The return of Monday Night Football brought about the renewal of an old in-state rivalry between two west coast teams as the newly relocated Los Angeles Rams took on the San Francisco 49ers.
Though the state of California was highlighted on national television, several players who have roots in Texas where they played high school ball were in action this game.
With the 2016 No. 1 overall pick Jared Goff sidelined for the Rams, Case Keenum got the nod in the season opener. Case Keenum had started 15 NFL games in his career, but Monday night was his first start at quarterback to open a season in his 5 year career.
Keenum who was born in Brownwood, Texas played his high school ball at Wylie High School in Abilene, Texas. When Keenum left Wylie High for the University of Houston he left an impressive track record. Passing for over 6,700 yards and 48 touchdowns while running for 2000 yards and 41 touchdowns. Those numbers were all part of an outstanding career for Keenum who also helped deliver the school’s only state title to date when Wylie defeated Cuero in 2004.

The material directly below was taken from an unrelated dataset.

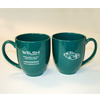 Jaguar Welsh Ceramic Mug Green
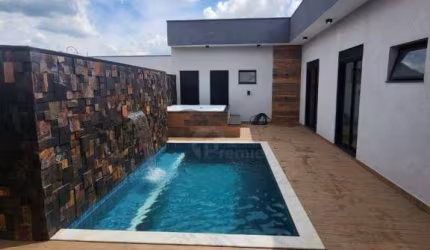 Casa com 3 Suítes à venda, 194 m² por R$ 1.600.000 - Residencial Evidências - Indaiatuba/SP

Keenum had a rough night as the 49er defense smothered the run and pass game. Keenum was 17 of 35 for a 130 yards and threw two interceptions in the 28-0 loss against San Francisco.
When the San Francisco 49ers went up 21-0 in the fourth quarter, it was due to another Texas product in Vance McDonald, who attended East Chambers High School in Winnie. McDonald finished with two total receptions for 14 yards and a touchdown.
Jeremy Kerley who had not even been with the San Francisco 49ers for a week proved his worth in the first game. The former Hutto High School four sport letterman hauled in seven receptions for 61 yards in route to being the leading receiver for the 49ers.
The LA Rams put in Malcolm Brown late in the game who was a force at Cibolo Steele. Brown ran for close to 5,000 yards and 54 touchdowns in his final two years and helped Steele win their first Class 5A DII title. Brown had one reception for eight yards and a rush for five in the fourth quarter.
It’s hard to escape the majesty and connections of high school football in Texas and it showed as these players went from performing on Friday nights to nationally televised games on Monday at the highest level of football.